* TASK TO CARRY OUT:
Retype the material that follows exactly, limited to the lines from the one with "春节养生菜单_春节养生的食谱" through the one with "Псилоцибиновые грибы Magic", and keep out all pictures.

* INPUT FOR THIS TASK:
####################

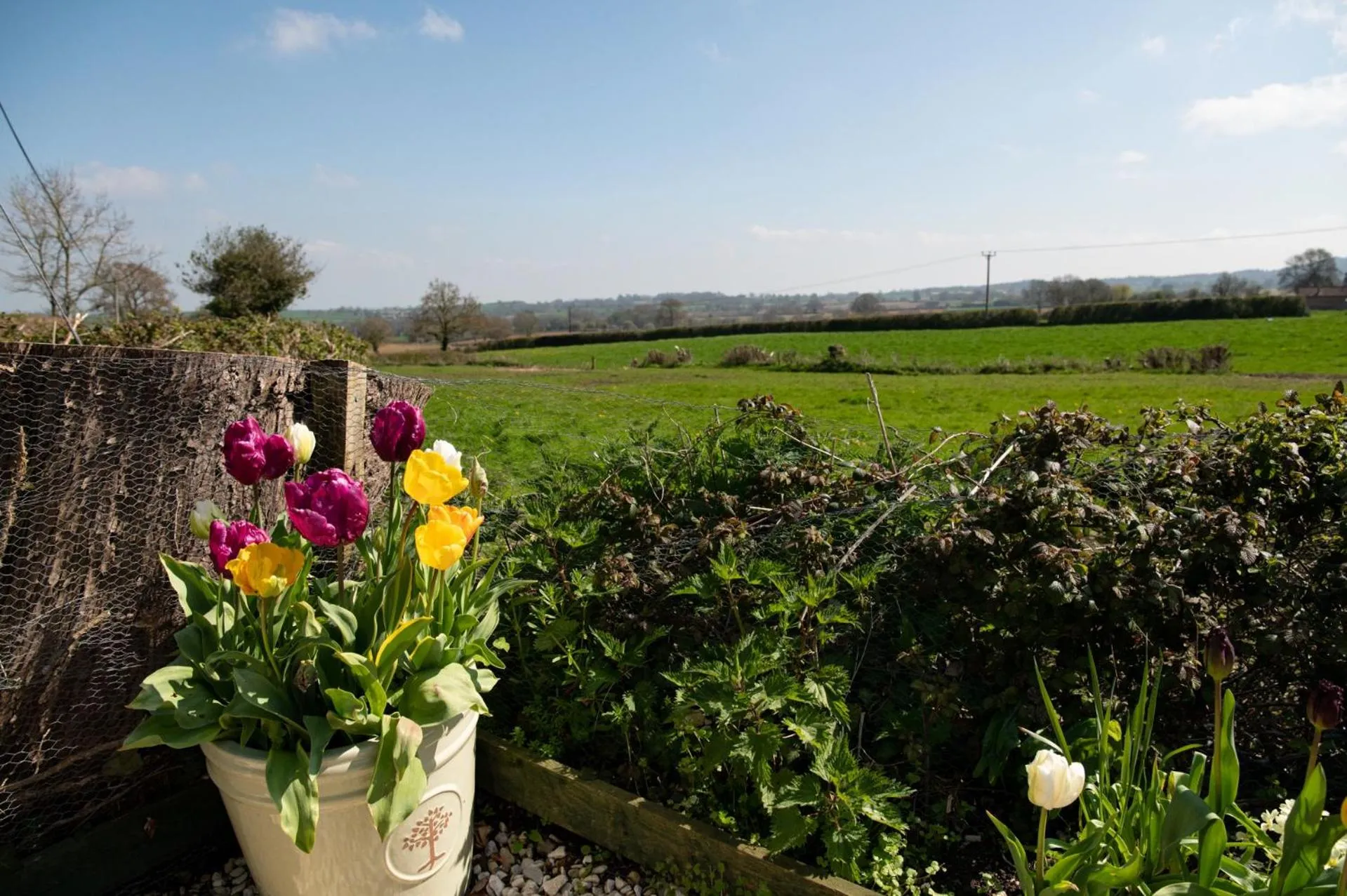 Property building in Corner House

####################

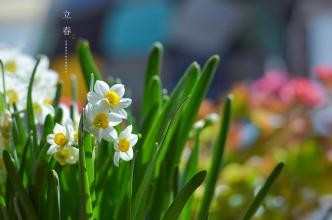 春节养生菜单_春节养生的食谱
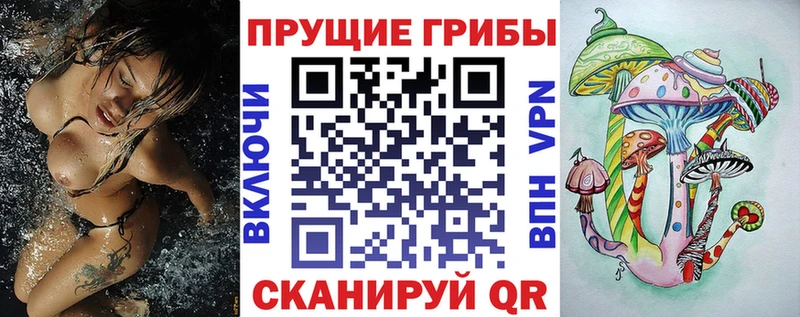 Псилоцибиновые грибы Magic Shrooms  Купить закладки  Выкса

####################

* COMPLETED TASK:
 春节养生菜单_春节养生的食谱
 Псилоцибиновые грибы Magic Shrooms  Купить закладки  Выкса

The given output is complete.